▸ TASK STATEMENT: Every line of the material must be restated exactly, though not its pictures.

- - -

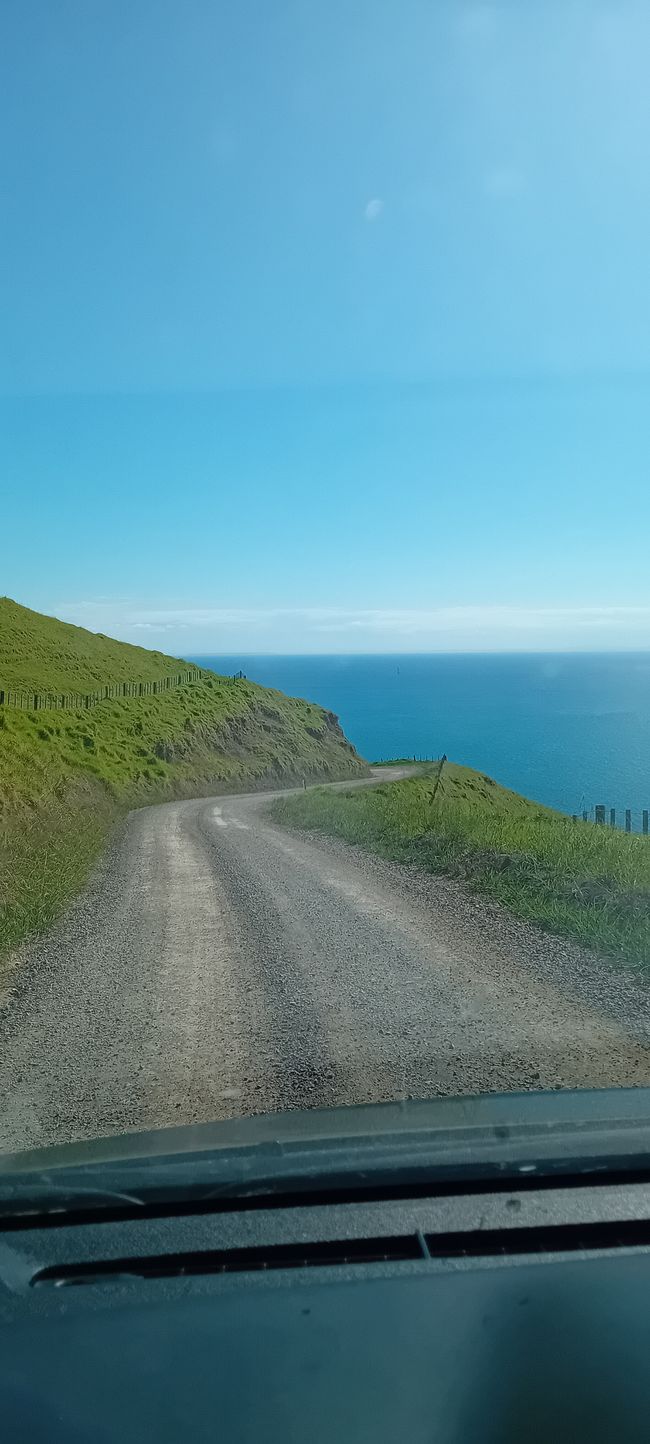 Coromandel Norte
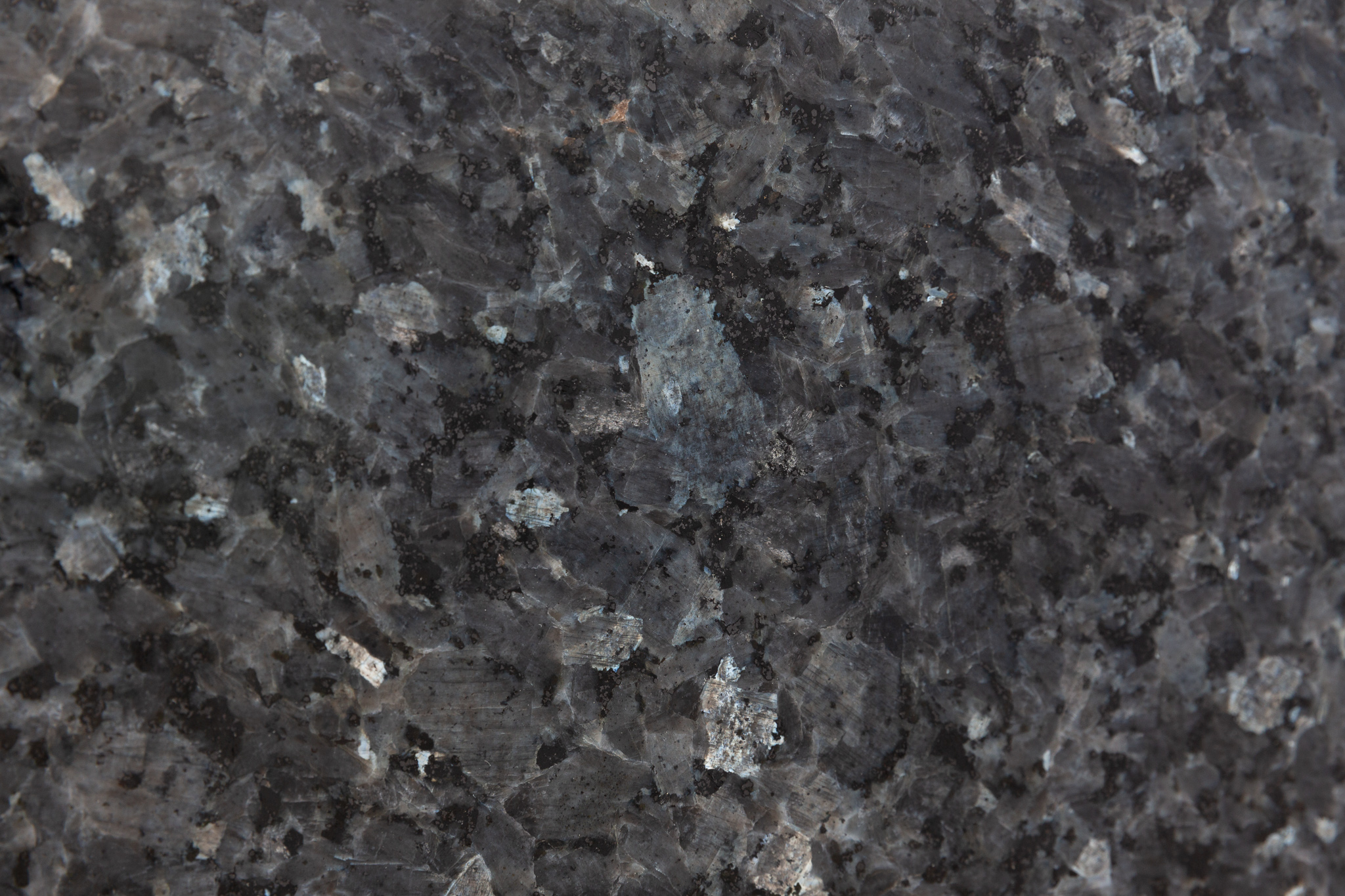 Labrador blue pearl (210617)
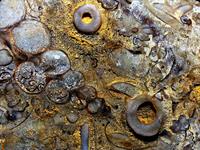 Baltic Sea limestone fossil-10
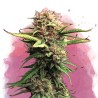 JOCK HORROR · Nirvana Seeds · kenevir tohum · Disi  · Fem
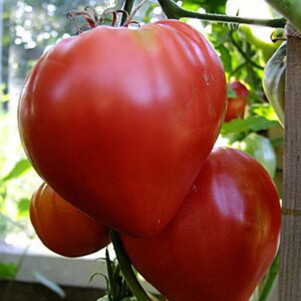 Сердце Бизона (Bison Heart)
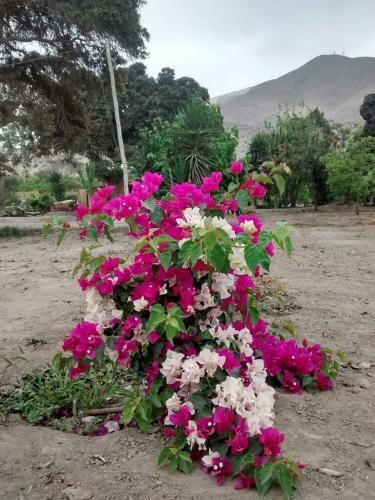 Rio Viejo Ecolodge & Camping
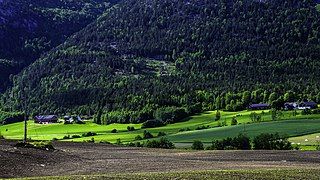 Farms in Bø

- - -

▸ WRITTEN RESPONSE:
 Coromandel Norte
 Labrador blue pearl (210617)
 Baltic Sea limestone fossil-10
 JOCK HORROR · Nirvana Seeds · kenevir tohum · Disi  · Fem
 Сердце Бизона (Bison Heart)
 Rio Viejo Ecolodge & Camping
 Farms in Bø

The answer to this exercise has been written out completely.